Is it fair to raise questions about a middle-aged Senate candidate's Christianity based on his behavior and associations in college?
That's the question that jumps to mind with a new TV ad put up by the Democratic nominee for a U.S. Senate seat from Kentucky against his Republican opponent, Dr. Rand Paul.
Conway's ad asks: "Why was Rand Paul a member of a secret society that called the Holy Bible a hoax that was banned for mocking Christianity and Christ?"
The ad alludes to Paul's college membership during his days at Baylor University in a group called the NoZe Brotherhood which expressed in its newsletters disparaging views of Christianity. Politico.com reported on that politically inconvenient part of Paul's past.
The ad also alludes to a bizarre episode in which Paul and others in the brotherhood as part of a prank did a mock-kidnapping of a young woman and brought her to a river where they urged her to pray to "Aqua Buddha."

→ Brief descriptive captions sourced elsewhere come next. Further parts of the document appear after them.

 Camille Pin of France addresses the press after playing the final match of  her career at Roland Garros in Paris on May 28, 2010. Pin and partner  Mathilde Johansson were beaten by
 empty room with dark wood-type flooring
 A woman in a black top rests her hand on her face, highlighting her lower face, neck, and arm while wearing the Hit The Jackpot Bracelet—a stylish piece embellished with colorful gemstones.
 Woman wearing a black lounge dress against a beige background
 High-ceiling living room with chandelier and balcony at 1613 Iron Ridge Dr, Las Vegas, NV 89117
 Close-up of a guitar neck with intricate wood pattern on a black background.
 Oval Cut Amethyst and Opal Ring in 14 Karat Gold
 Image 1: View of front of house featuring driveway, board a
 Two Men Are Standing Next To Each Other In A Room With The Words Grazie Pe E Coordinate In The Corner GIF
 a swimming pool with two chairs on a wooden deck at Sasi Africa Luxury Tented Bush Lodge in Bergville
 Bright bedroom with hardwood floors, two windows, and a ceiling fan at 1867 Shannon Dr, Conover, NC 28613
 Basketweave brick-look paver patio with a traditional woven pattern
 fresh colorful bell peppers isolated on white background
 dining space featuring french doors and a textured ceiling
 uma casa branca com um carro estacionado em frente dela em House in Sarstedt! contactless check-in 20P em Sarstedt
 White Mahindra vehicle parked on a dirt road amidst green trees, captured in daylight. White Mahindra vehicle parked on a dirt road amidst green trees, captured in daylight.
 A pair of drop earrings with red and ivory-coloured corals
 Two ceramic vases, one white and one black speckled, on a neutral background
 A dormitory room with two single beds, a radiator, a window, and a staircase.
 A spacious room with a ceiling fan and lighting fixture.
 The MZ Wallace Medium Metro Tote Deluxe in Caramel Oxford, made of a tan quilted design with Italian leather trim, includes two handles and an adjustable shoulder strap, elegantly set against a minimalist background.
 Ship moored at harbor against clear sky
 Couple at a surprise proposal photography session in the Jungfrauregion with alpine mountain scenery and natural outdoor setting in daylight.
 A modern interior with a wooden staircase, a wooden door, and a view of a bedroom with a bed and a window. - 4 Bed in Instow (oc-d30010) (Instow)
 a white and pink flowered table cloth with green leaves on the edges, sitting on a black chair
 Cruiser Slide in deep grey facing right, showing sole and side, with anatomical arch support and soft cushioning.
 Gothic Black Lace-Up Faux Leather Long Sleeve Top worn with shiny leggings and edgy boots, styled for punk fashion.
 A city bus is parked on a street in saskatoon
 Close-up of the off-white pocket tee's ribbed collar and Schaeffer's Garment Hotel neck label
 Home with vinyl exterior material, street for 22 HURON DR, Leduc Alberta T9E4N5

The ad is clearly Conway's attempt to move the needle in a race in which polls give Paul a narrow lead.
It's a risky strategy, however, since such an ad could backfire if it causes enough voters, especially political independents, to recoil at what they see as a low blow below the belt or, better yet, the Bible Belt.
The ad contributed to tension in what appears to be a tight race. The two men debated Sunday night, with Paul demanding an apology and, at the end,
the men refusing to shake each other's hands walking past Conway without offering a handshake or looking at his rival.
As the Associated Press reported:
Paul demanded an apology during a nationally televised debate Sunday night, denouncing the commercial as false and calling himself a "pro-life Christian.'' Conway offered no apology and even repeated the accusations in his ad, which started airing statewide Friday night.
"Those who stoop to the level of attacking a man's religious beliefs to gain higher office, I believe that they should remember that it does not profit a man to gain the world if he loses his soul in the process,'' Paul said, referencing a scripture from the Gospel of Mark.
The candidates wrangled over health care, taxes and entitlements, but those issues were overshadowed by a contentious back-and-forth over the ad.
Conway, the state's attorney general, defended the attacks, saying Paul failed to answer the two "fundamental questions'' raised in the ad.